Task description: If a line in the entries below contains "Photo", copy it.

(Stored items from a collection)
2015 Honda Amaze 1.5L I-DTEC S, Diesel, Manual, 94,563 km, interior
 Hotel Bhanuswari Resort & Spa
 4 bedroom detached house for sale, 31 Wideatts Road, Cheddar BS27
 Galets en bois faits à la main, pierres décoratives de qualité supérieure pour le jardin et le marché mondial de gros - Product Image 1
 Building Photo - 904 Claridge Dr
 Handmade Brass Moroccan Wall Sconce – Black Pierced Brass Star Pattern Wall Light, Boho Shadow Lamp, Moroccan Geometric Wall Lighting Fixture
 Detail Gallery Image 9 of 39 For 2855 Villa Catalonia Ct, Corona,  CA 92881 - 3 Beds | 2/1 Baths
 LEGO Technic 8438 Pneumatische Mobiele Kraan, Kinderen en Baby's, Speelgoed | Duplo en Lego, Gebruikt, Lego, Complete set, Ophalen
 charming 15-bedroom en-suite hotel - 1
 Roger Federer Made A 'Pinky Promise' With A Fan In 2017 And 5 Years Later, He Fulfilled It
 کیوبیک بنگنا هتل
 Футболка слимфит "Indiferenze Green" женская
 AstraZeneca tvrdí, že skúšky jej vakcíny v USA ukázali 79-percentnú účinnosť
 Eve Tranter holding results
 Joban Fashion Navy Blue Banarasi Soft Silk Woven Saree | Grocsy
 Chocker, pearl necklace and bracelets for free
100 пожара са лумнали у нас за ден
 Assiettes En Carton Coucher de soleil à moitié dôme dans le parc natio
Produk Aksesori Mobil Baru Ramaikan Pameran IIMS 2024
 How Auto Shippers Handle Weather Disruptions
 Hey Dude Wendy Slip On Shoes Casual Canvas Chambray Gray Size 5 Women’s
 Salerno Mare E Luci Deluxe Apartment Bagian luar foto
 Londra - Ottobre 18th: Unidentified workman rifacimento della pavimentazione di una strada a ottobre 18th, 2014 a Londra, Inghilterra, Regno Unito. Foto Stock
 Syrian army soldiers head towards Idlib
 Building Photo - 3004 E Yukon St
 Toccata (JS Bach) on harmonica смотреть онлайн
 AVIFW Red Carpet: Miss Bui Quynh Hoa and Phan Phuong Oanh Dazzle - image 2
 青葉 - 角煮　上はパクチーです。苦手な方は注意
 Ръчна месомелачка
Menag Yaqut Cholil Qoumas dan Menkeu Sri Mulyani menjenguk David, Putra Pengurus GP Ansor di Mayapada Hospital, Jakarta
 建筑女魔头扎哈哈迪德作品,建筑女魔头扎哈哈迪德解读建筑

Expected answer:
 Building Photo - 904 Claridge Dr
 Building Photo - 3004 E Yukon St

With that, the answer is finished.